■「引き分けでもいい」という気持ち

 小林監督は、92分に呉屋と米倉を入れて前線の並びを入れ替えたが、90分間、ほぼ互角に組み合ったままの終盤戦だっただけに、選手を替えることによって攻撃力を増やすことはできるが、同時にそれまで保っていたバランスを崩す可能性もある。つまり、あの時間での交代にはリスクもあった。

 だが、小林監督にためらいはなかったはずだ。自動昇格に必要な「2位以内」を目指すことを考えても、千葉にとってはどうしても必要な勝点3だった。

 一方の水戸は、そのままスコアレスで引き分けても長崎と勝点で並ぶものの、得失点差で首位は維持できる状況だった。同時に、昇格争いのライバルである千葉に勝点差を詰めさせないで、千葉との勝点差を6のままで維持することもできたはずだった。
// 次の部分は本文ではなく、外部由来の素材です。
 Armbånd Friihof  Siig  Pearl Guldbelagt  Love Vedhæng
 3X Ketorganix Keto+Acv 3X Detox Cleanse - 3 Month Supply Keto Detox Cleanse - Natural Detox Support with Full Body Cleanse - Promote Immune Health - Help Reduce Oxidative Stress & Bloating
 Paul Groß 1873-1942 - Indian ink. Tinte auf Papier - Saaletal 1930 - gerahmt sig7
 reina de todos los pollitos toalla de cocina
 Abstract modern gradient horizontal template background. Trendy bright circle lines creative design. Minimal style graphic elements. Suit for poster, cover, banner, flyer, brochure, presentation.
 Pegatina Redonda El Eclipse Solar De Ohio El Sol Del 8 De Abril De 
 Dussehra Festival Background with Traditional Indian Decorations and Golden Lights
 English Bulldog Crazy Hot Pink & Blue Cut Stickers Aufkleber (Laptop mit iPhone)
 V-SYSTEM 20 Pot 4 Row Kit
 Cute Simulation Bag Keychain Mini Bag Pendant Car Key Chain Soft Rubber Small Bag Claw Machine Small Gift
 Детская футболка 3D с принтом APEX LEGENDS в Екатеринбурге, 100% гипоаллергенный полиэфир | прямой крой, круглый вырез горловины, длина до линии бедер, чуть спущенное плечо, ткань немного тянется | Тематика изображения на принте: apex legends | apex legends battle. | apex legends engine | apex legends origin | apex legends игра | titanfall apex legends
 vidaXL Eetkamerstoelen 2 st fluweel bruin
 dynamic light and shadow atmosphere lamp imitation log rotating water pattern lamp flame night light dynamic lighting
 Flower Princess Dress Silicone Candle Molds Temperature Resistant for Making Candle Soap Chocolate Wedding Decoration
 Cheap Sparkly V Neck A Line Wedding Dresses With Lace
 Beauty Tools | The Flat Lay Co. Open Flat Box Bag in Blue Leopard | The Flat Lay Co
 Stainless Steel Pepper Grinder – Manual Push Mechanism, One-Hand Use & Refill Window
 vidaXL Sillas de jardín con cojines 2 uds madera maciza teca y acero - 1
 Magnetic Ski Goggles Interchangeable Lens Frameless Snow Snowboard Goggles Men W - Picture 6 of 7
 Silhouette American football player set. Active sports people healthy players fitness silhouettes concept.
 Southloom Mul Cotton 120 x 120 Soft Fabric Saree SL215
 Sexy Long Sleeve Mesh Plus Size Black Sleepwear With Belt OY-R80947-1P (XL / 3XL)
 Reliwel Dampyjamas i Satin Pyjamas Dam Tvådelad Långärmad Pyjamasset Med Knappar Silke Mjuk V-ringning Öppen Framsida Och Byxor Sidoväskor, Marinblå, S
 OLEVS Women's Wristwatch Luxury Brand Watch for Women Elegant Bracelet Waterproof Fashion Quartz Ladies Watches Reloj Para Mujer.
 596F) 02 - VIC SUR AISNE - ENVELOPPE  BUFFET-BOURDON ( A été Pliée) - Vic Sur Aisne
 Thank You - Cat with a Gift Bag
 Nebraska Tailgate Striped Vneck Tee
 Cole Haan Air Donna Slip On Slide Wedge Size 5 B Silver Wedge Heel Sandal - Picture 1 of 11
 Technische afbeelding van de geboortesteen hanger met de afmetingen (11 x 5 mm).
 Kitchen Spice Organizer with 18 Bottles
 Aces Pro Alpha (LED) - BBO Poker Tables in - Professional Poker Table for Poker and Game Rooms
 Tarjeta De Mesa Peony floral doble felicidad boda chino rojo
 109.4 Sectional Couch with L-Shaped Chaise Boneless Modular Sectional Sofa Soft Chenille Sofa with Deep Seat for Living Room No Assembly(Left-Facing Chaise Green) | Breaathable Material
「引き分けでもいい」という気持ちは、当然、水戸の選手たちの間にもあったはずだ。その、両者の意識の差が試合最終盤での千葉の猛攻につながったのかもしれない。これはあくまでも結果論だが、水戸としてはアディショナルタイムに入ってからの時間では、完全に守備固めに入るべきだったような気もする。